The task: Transcribe exactly, please, the lines from the one containing "Woman applying CBD Balm on ankle" through the end of the records below, and leave out the pictures.

Input records:
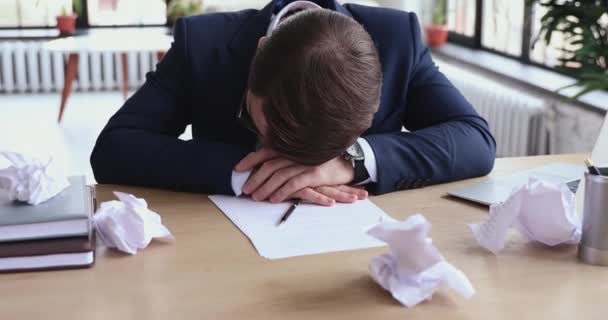 Втомився бізнесмен перестає спати за безладному офісному столі з паперами — стокове відео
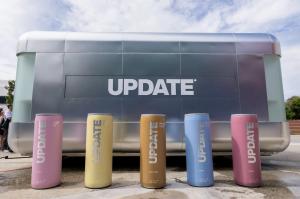 Five giant UPDATE cans in front of the long side of the Nomad Luxe Walk-In L, wrapped in silver with a large UPDATE logo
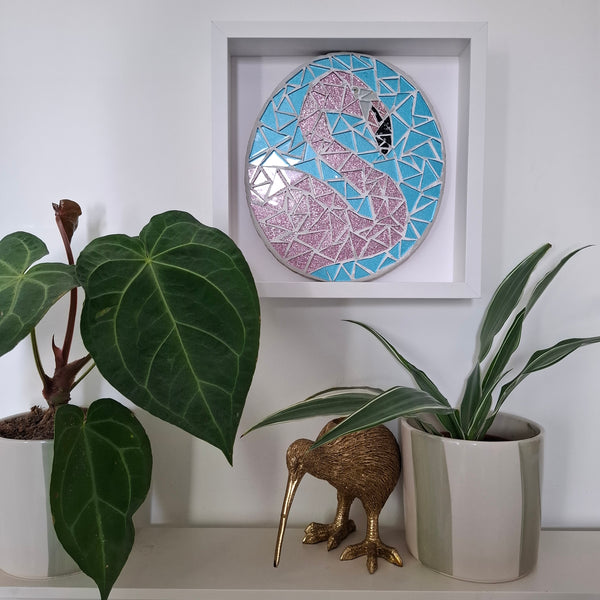 A framed circular mosaic wall art piece featuring a pink flamingo on a blue geometric background, displayed on a shelf above potted plants and a small kiwi bird figurine.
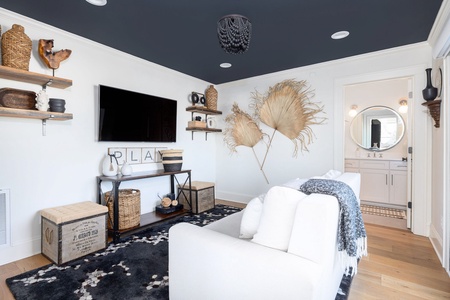 Unwind in your stylish living space with coastal-inspired decor, cozy seating, and modern amenities for the perfect relaxing retreat.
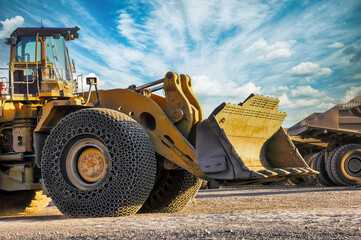 wheel loader at a diamond mine with parked mining trucks, chains on the front wheels to protect tires and for the grip, outdoors sunset with blue sky and sun rays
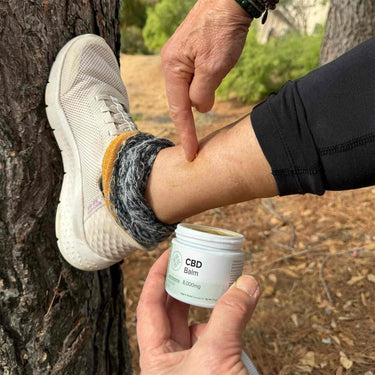 Woman applying CBD Balm on ankle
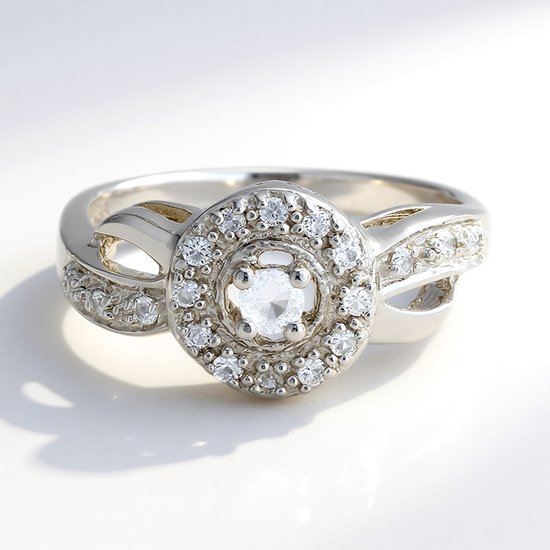 Zilveren ring met een centrale witte diamant, omringd door witte topaasjes op een dubbele band.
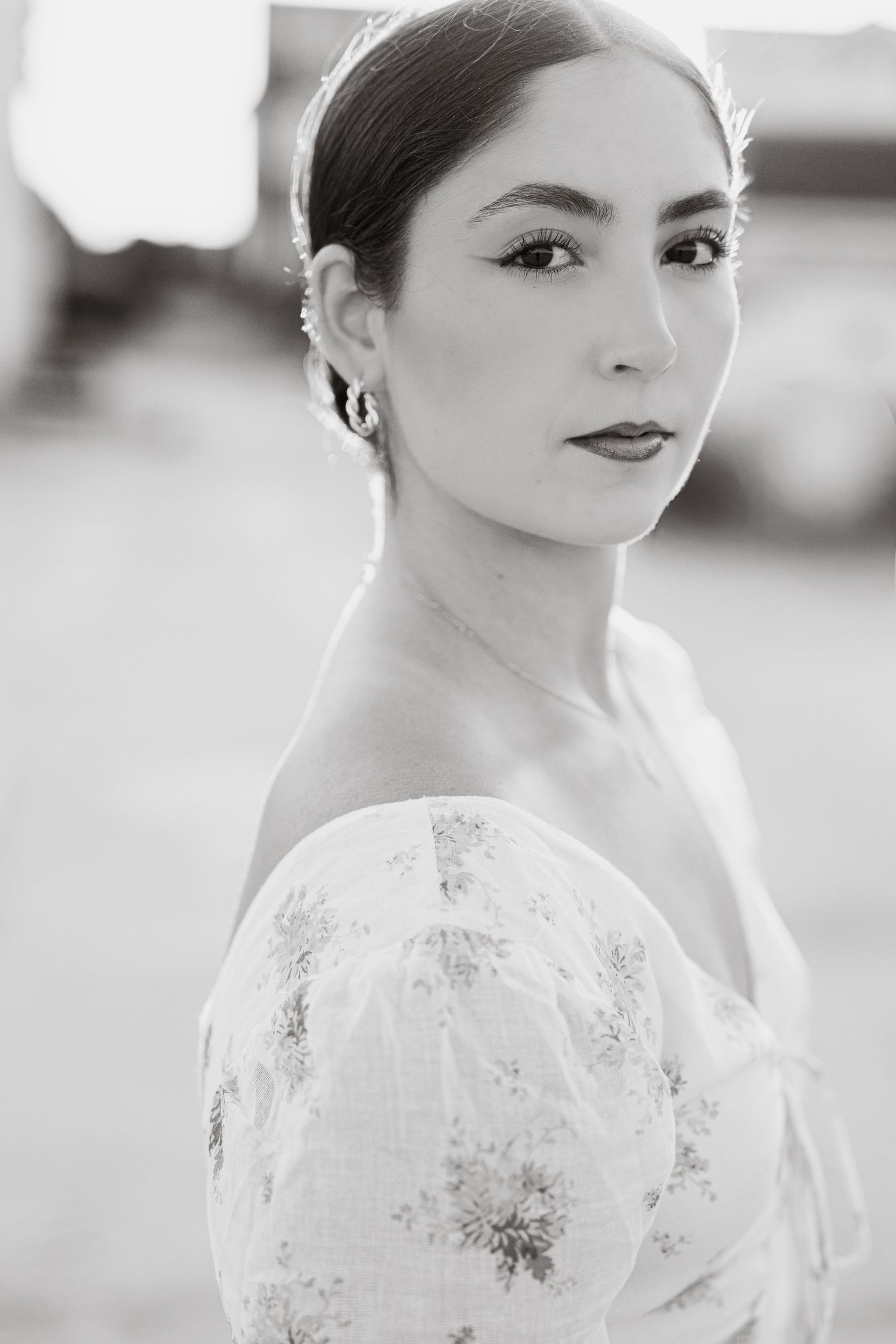 Black and white portrait of a young woman in an off-shoulder floral dress with hoop earrings, gazing over her shoulder.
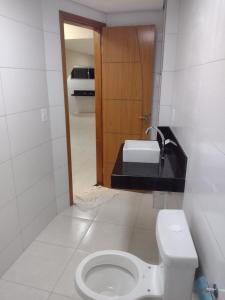 łazienka z toaletą i umywalką w obiekcie Praia de Setiba - Kitnet w mieście Guarapari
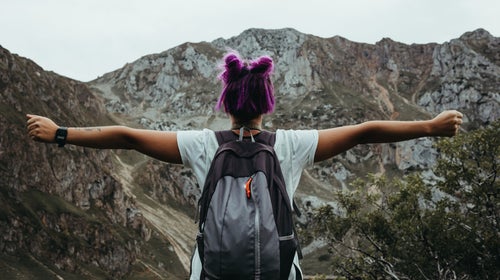 woman of color with purple hair with outstretched arms while hiking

Exercise result:
 Woman applying CBD Balm on ankle
 Zilveren ring met een centrale witte diamant, omringd door witte topaasjes op een dubbele band.
 Black and white portrait of a young woman in an off-shoulder floral dress with hoop earrings, gazing over her shoulder.
 łazienka z toaletą i umywalką w obiekcie Praia de Setiba - Kitnet w mieście Guarapari
 woman of color with purple hair with outstretched arms while hiking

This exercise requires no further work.